# 69 Crankshaft pulley setup



## dan woodland (Jul 24, 2013)

Hi all,

I have a small issue. I didn't take off the crankshaft pulleys so I don't know how they go back on the end of the crankshaft - actually how all three pieces including the reinforcement plate. 

I mean: I have a before picture so I know the single pulley goes on the crankshaft first (behind the double pulley) but I don't know if the reinforcement plate goes between the pulleys or on the crankshaft. I can't seem to find an assembly diagram so any help would be much appreciated!

Thanks in advance, Dan



PS. I didn't paint them so don't hold the lousy paint job against me. i'll be stripping them back down for a repaint.


----------



## Pinion head (Jan 3, 2015)

Dan, the single groove AC pulley, the "843" sets next to the damper, the two groove "842" sets in front of it, the circUlar reinforcement in front of that.
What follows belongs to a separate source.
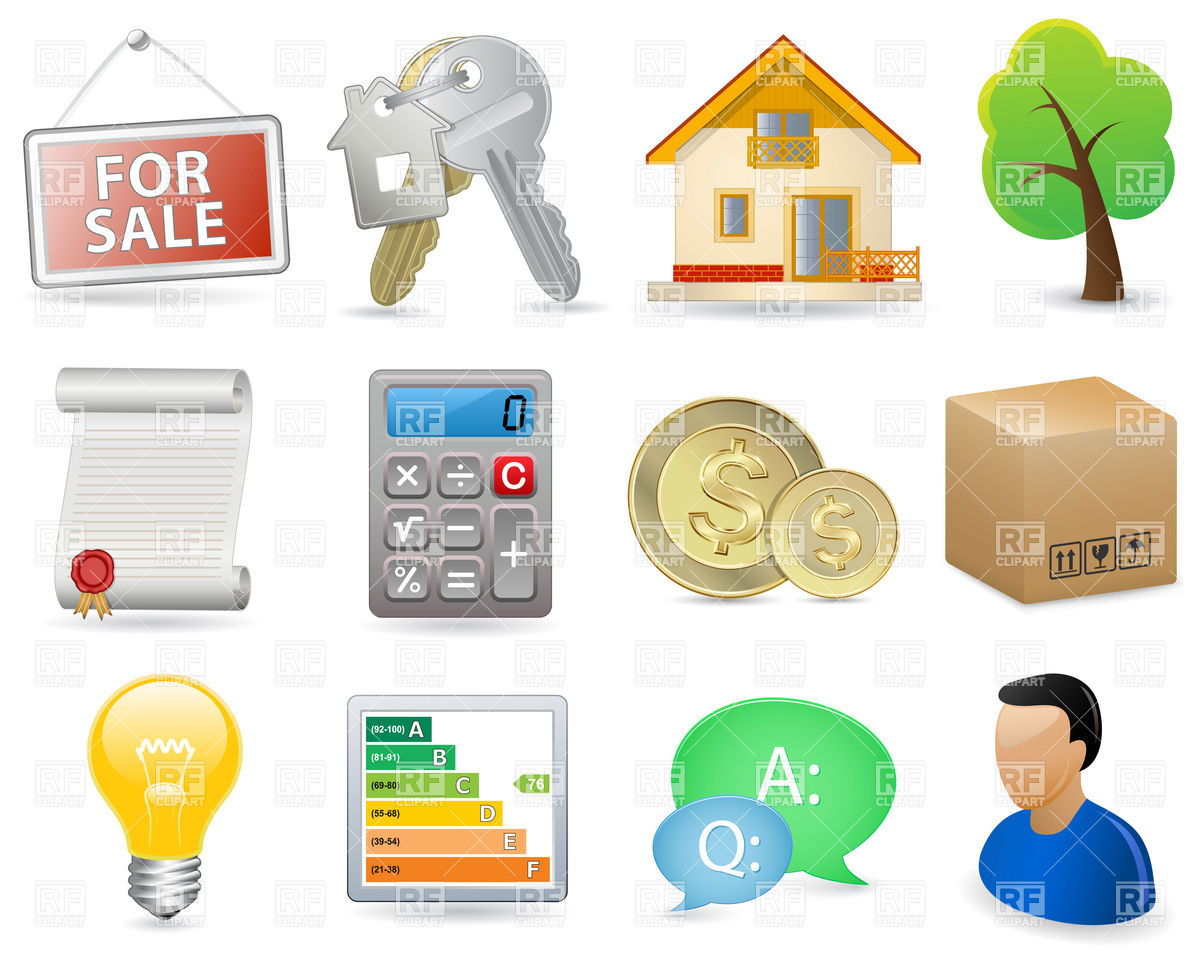 Real Estate And Property Icon Set 5894 Icons And Emblems Download    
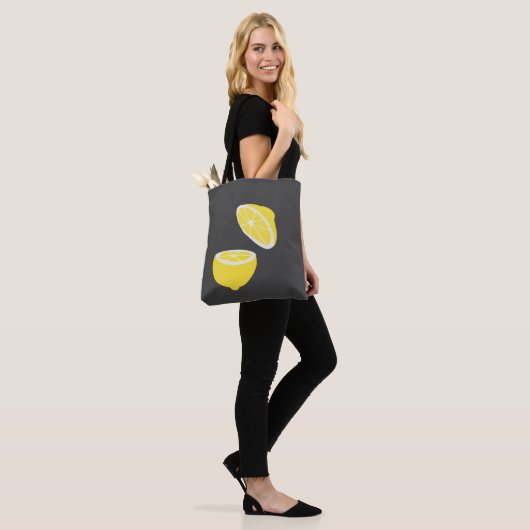 hallo Lemon modern geel fruit Tote Bag (Op model)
Chat soon!


----------



## dan woodland (Jul 24, 2013)

Many thanks Roger!!! Much appreciated!!


----------



## Amerature Ed (Feb 14, 2020)

Pinion head said:


> Dan, the single groove AC pulley, the "843" sets next to the damper, the two groove "842" sets in front of it, the circUlar reinforcement in front of that. Chat soon!


----------



## Amerature Ed (Feb 14, 2020)

So can you tell me which side of 843 faces the harmonic balancer? It appears it will go on either way. Thanks


----------



## BLK69JUDGE (Jun 10, 2010)

flat side to the balancer


----------



## Amerature Ed (Feb 14, 2020)

BLK69JUDGE said:


> flat side to the balancer


THANK YOU!!!!


----------